William Humphrey Harvey (2 May 1869 - 6 November 1935) was an Australian politician. He was a member of the South Australian Legislative Council from 1915 to 1935. He served as Minister for Education, Mines and Agriculture from 1918 to 1920.

==History==
Harvey was born at Moonta Mines and attended the local state school. On leaving school, he found employment with the Moonta Mining and Smelting Company, and learned the trade of moulder. He was secretary of the Moonta Miners' Association from 1897 to 1915. He was the unsuccessful Labor candidate for the federal seat of Wakefield at the 1913 election and 1914 election.

In August 1915, he was elected unopposed as a Labor member of the Legislative Council representing the Central No. 2 District. He left Labor to join the new National Party in the 1917 Labor split, and in 1918 he was appointed Education minister in the Coalition government, succeeding Alfred William Styles.

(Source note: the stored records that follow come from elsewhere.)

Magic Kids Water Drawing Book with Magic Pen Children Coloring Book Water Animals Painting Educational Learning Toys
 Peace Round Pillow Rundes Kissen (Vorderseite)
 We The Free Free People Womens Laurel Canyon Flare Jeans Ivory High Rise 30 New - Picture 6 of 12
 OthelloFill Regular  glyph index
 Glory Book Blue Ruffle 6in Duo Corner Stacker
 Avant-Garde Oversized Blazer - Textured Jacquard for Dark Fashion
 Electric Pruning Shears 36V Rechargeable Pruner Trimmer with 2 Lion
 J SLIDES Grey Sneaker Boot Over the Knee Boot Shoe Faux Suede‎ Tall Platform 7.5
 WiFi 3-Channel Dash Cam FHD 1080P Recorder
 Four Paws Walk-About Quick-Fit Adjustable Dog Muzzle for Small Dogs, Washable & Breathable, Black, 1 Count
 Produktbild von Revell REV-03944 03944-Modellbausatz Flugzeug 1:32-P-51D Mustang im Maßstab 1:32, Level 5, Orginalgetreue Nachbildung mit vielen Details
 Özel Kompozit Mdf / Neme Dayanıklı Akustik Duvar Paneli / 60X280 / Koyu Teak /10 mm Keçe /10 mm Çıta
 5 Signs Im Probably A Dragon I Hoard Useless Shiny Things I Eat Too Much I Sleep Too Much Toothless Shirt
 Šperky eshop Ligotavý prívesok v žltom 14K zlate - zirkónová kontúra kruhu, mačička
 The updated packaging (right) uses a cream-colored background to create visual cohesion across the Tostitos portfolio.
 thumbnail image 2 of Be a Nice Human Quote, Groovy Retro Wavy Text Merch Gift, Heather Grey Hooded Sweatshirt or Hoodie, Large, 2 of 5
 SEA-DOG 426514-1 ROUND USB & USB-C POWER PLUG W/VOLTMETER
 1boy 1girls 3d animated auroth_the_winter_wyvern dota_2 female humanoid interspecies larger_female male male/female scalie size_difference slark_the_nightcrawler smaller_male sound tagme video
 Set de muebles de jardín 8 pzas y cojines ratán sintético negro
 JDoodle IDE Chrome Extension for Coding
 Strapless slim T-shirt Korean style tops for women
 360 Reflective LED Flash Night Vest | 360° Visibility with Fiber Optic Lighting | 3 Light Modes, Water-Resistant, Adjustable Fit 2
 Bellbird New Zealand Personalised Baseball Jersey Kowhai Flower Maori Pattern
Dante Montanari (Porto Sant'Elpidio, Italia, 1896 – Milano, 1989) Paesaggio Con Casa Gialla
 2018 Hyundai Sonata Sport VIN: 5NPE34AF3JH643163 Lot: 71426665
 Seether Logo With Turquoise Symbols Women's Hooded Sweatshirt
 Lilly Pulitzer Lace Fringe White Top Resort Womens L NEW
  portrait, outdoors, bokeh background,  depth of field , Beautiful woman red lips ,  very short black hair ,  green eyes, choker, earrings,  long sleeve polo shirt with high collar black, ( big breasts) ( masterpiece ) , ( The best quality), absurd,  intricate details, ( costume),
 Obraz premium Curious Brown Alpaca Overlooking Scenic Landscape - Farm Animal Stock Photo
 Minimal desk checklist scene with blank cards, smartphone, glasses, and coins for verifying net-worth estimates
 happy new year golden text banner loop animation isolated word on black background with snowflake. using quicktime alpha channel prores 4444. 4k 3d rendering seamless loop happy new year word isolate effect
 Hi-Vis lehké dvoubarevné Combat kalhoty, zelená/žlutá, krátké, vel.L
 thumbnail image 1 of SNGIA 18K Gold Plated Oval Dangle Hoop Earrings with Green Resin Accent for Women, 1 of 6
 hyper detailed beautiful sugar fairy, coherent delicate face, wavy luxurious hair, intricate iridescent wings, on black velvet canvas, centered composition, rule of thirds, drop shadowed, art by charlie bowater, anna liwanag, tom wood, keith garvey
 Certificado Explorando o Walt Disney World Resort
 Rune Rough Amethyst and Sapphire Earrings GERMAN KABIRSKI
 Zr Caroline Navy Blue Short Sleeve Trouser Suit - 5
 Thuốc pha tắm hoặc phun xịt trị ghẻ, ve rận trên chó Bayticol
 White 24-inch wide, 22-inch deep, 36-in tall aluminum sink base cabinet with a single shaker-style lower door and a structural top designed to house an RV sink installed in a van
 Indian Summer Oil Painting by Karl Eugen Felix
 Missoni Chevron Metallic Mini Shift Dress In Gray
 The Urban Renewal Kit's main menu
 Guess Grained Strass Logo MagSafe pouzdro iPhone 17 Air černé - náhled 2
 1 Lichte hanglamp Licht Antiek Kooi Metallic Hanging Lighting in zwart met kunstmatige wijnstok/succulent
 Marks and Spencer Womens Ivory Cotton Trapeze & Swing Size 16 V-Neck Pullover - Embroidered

Harvey was forced to resign when the Liberal Union severed the coalition in late 1920; however, in July 1921 he defected to the Liberal Union himself.

He married Mary Louisa Chapman in 1895. They had two sons and one daughter.

He was a longtime member of the Independent Order of Oddfellows' Manchester Unity lodge and filled all positions, and the Rose Park Masonic Lodge. He was on the council of the School of Mines

He died after a short illness and was accorded a State Funeral.

The election held to fill his seat in the Legislative Council was narrowly won by industrialist Edward Wheewall Holden for the Liberal and Country League.

==Family==
He was married to Mary Louisa and had a daughter, Mrs. A. T. Buttery of Toorak and two sons, E. W. Harvey of Wayville, South Australia, and L. J. Harvey of Hilltown.

Their home for many years was 35 Prescott Avenue, Rose Park.